Brief descriptive captions
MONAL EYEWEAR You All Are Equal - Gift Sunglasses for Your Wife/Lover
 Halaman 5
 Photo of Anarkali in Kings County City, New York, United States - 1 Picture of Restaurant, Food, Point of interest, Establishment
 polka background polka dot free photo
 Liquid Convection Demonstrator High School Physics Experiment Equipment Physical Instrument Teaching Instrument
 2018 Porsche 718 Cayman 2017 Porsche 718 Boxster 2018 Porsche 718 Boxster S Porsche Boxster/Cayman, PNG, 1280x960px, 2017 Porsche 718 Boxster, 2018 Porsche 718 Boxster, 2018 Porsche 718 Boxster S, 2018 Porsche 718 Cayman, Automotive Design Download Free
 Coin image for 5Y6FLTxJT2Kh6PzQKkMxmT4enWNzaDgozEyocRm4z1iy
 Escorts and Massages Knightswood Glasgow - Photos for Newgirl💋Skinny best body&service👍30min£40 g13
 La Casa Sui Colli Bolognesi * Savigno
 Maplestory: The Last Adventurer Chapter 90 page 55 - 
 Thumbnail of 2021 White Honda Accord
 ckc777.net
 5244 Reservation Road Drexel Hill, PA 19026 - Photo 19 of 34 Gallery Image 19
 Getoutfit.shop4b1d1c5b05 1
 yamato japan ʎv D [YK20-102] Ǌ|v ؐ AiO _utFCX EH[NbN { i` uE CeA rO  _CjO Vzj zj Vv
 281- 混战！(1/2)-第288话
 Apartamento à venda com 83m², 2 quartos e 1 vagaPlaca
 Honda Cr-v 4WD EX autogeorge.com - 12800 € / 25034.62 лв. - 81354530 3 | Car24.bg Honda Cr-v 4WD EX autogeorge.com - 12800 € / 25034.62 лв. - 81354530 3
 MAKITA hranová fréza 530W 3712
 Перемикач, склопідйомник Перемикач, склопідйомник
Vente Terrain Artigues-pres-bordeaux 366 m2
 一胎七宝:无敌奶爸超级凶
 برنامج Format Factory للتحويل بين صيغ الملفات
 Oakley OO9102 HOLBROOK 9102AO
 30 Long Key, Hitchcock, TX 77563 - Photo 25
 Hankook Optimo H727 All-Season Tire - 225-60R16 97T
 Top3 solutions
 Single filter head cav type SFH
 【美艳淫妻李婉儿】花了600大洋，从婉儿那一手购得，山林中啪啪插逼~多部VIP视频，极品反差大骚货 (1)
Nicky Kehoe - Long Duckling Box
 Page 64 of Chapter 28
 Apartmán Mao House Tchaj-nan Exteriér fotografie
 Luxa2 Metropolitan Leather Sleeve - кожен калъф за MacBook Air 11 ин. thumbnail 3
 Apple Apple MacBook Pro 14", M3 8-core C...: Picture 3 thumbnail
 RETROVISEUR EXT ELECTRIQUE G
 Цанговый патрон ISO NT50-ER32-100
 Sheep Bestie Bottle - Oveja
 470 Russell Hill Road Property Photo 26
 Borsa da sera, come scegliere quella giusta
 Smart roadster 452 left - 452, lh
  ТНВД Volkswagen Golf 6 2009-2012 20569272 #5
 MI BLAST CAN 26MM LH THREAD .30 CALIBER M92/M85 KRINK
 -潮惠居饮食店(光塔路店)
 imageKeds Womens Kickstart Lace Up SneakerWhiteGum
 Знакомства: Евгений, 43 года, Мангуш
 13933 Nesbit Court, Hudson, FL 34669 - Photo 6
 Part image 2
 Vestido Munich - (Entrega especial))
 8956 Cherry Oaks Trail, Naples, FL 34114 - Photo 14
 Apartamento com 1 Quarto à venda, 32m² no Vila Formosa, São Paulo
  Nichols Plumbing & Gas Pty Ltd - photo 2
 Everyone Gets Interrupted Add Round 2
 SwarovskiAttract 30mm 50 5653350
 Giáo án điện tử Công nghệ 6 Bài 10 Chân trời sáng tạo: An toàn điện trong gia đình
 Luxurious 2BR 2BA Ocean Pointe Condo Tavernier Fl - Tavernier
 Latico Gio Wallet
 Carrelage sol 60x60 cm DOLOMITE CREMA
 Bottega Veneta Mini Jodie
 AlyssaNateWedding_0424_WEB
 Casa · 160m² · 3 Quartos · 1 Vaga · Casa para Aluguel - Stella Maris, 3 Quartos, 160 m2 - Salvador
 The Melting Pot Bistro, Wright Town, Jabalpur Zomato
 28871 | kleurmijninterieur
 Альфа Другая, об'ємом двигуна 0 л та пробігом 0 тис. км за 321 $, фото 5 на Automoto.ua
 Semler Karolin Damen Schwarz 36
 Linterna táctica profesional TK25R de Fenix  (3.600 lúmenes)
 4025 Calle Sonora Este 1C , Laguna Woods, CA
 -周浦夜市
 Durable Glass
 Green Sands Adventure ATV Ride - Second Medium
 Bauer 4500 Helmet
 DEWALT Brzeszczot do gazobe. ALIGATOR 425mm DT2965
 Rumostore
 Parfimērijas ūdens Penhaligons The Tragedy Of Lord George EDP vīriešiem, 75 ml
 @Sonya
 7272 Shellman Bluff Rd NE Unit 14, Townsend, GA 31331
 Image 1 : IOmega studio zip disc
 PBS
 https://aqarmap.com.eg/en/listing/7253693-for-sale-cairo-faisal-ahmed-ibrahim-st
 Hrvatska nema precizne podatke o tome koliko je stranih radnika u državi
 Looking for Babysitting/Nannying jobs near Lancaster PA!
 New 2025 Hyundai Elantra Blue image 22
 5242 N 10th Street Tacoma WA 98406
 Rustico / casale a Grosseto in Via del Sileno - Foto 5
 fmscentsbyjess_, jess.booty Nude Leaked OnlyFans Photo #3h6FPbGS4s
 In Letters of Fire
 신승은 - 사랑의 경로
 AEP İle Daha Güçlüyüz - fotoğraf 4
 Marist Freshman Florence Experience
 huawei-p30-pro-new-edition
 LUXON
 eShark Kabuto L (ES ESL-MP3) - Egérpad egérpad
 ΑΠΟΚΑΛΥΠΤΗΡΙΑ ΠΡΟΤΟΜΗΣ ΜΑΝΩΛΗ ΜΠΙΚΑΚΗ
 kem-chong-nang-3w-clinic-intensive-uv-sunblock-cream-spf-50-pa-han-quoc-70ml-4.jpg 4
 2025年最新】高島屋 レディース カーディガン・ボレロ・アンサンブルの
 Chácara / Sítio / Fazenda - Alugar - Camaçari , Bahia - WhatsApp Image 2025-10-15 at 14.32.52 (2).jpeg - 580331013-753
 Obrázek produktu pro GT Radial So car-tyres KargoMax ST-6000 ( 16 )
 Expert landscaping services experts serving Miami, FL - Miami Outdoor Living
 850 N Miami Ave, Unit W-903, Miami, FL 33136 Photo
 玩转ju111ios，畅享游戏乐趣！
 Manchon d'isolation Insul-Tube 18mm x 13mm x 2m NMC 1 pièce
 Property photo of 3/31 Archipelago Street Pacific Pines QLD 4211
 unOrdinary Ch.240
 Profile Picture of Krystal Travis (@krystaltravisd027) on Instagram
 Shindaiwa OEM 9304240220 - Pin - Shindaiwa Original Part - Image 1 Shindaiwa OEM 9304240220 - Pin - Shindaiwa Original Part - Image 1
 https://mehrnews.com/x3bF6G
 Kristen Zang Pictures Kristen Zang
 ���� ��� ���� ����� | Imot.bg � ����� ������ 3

◆ **What to do**
Line by line, copy the records exactly.

◆ **Response below**
MONAL EYEWEAR You All Are Equal - Gift Sunglasses for Your Wife/Lover
 Halaman 5
 Photo of Anarkali in Kings County City, New York, United States - 1 Picture of Restaurant, Food, Point of interest, Establishment
 polka background polka dot free photo
 Liquid Convection Demonstrator High School Physics Experiment Equipment Physical Instrument Teaching Instrument
 2018 Porsche 718 Cayman 2017 Porsche 718 Boxster 2018 Porsche 718 Boxster S Porsche Boxster/Cayman, PNG, 1280x960px, 2017 Porsche 718 Boxster, 2018 Porsche 718 Boxster, 2018 Porsche 718 Boxster S, 2018 Porsche 718 Cayman, Automotive Design Download Free
 Coin image for 5Y6FLTxJT2Kh6PzQKkMxmT4enWNzaDgozEyocRm4z1iy
 Escorts and Massages Knightswood Glasgow - Photos for Newgirl💋Skinny best body&service👍30min£40 g13
 La Casa Sui Colli Bolognesi * Savigno
 Maplestory: The Last Adventurer Chapter 90 page 55 - 
 Thumbnail of 2021 White Honda Accord
 ckc777.net
 5244 Reservation Road Drexel Hill, PA 19026 - Photo 19 of 34 Gallery Image 19
 Getoutfit.shop4b1d1c5b05 1
 yamato japan ʎv D [YK20-102] Ǌ|v ؐ AiO _utFCX EH[NbN { i` uE CeA rO  _CjO Vzj zj Vv
 281- 混战！(1/2)-第288话
 Apartamento à venda com 83m², 2 quartos e 1 vagaPlaca
 Honda Cr-v 4WD EX autogeorge.com - 12800 € / 25034.62 лв. - 81354530 3 | Car24.bg Honda Cr-v 4WD EX autogeorge.com - 12800 € / 25034.62 лв. - 81354530 3
 MAKITA hranová fréza 530W 3712
 Перемикач, склопідйомник Перемикач, склопідйомник
Vente Terrain Artigues-pres-bordeaux 366 m2
 一胎七宝:无敌奶爸超级凶
 برنامج Format Factory للتحويل بين صيغ الملفات
 Oakley OO9102 HOLBROOK 9102AO
 30 Long Key, Hitchcock, TX 77563 - Photo 25
 Hankook Optimo H727 All-Season Tire - 225-60R16 97T
 Top3 solutions
 Single filter head cav type SFH
 【美艳淫妻李婉儿】花了600大洋，从婉儿那一手购得，山林中啪啪插逼~多部VIP视频，极品反差大骚货 (1)
Nicky Kehoe - Long Duckling Box
 Page 64 of Chapter 28
 Apartmán Mao House Tchaj-nan Exteriér fotografie
 Luxa2 Metropolitan Leather Sleeve - кожен калъф за MacBook Air 11 ин. thumbnail 3
 Apple Apple MacBook Pro 14", M3 8-core C...: Picture 3 thumbnail
 RETROVISEUR EXT ELECTRIQUE G
 Цанговый патрон ISO NT50-ER32-100
 Sheep Bestie Bottle - Oveja
 470 Russell Hill Road Property Photo 26
 Borsa da sera, come scegliere quella giusta
 Smart roadster 452 left - 452, lh
  ТНВД Volkswagen Golf 6 2009-2012 20569272 #5
 MI BLAST CAN 26MM LH THREAD .30 CALIBER M92/M85 KRINK
 -潮惠居饮食店(光塔路店)
 imageKeds Womens Kickstart Lace Up SneakerWhiteGum
 Знакомства: Евгений, 43 года, Мангуш
 13933 Nesbit Court, Hudson, FL 34669 - Photo 6
 Part image 2
 Vestido Munich - (Entrega especial))
 8956 Cherry Oaks Trail, Naples, FL 34114 - Photo 14
 Apartamento com 1 Quarto à venda, 32m² no Vila Formosa, São Paulo
  Nichols Plumbing & Gas Pty Ltd - photo 2
 Everyone Gets Interrupted Add Round 2
 SwarovskiAttract 30mm 50 5653350
 Giáo án điện tử Công nghệ 6 Bài 10 Chân trời sáng tạo: An toàn điện trong gia đình
 Luxurious 2BR 2BA Ocean Pointe Condo Tavernier Fl - Tavernier
 Latico Gio Wallet
 Carrelage sol 60x60 cm DOLOMITE CREMA
 Bottega Veneta Mini Jodie
 AlyssaNateWedding_0424_WEB
 Casa · 160m² · 3 Quartos · 1 Vaga · Casa para Aluguel - Stella Maris, 3 Quartos, 160 m2 - Salvador
 The Melting Pot Bistro, Wright Town, Jabalpur Zomato
 28871 | kleurmijninterieur
 Альфа Другая, об'ємом двигуна 0 л та пробігом 0 тис. км за 321 $, фото 5 на Automoto.ua
 Semler Karolin Damen Schwarz 36
 Linterna táctica profesional TK25R de Fenix  (3.600 lúmenes)
 4025 Calle Sonora Este 1C , Laguna Woods, CA
 -周浦夜市
 Durable Glass
 Green Sands Adventure ATV Ride - Second Medium
 Bauer 4500 Helmet
 DEWALT Brzeszczot do gazobe. ALIGATOR 425mm DT2965
 Rumostore
 Parfimērijas ūdens Penhaligons The Tragedy Of Lord George EDP vīriešiem, 75 ml
 @Sonya
 7272 Shellman Bluff Rd NE Unit 14, Townsend, GA 31331
 Image 1 : IOmega studio zip disc
 PBS
 https://aqarmap.com.eg/en/listing/7253693-for-sale-cairo-faisal-ahmed-ibrahim-st
 Hrvatska nema precizne podatke o tome koliko je stranih radnika u državi
 Looking for Babysitting/Nannying jobs near Lancaster PA!
 New 2025 Hyundai Elantra Blue image 22
 5242 N 10th Street Tacoma WA 98406
 Rustico / casale a Grosseto in Via del Sileno - Foto 5
 fmscentsbyjess_, jess.booty Nude Leaked OnlyFans Photo #3h6FPbGS4s
 In Letters of Fire
 신승은 - 사랑의 경로
 AEP İle Daha Güçlüyüz - fotoğraf 4
 Marist Freshman Florence Experience
 huawei-p30-pro-new-edition
 LUXON
 eShark Kabuto L (ES ESL-MP3) - Egérpad egérpad
 ΑΠΟΚΑΛΥΠΤΗΡΙΑ ΠΡΟΤΟΜΗΣ ΜΑΝΩΛΗ ΜΠΙΚΑΚΗ
 kem-chong-nang-3w-clinic-intensive-uv-sunblock-cream-spf-50-pa-han-quoc-70ml-4.jpg 4
 2025年最新】高島屋 レディース カーディガン・ボレロ・アンサンブルの
 Chácara / Sítio / Fazenda - Alugar - Camaçari , Bahia - WhatsApp Image 2025-10-15 at 14.32.52 (2).jpeg - 580331013-753
 Obrázek produktu pro GT Radial So car-tyres KargoMax ST-6000 ( 16 )
 Expert landscaping services experts serving Miami, FL - Miami Outdoor Living
 850 N Miami Ave, Unit W-903, Miami, FL 33136 Photo
 玩转ju111ios，畅享游戏乐趣！
 Manchon d'isolation Insul-Tube 18mm x 13mm x 2m NMC 1 pièce
 Property photo of 3/31 Archipelago Street Pacific Pines QLD 4211
 unOrdinary Ch.240
 Profile Picture of Krystal Travis (@krystaltravisd027) on Instagram
 Shindaiwa OEM 9304240220 - Pin - Shindaiwa Original Part - Image 1 Shindaiwa OEM 9304240220 - Pin - Shindaiwa Original Part - Image 1
 https://mehrnews.com/x3bF6G
 Kristen Zang Pictures Kristen Zang
 ���� ��� ���� ����� | Imot.bg � ����� ������ 3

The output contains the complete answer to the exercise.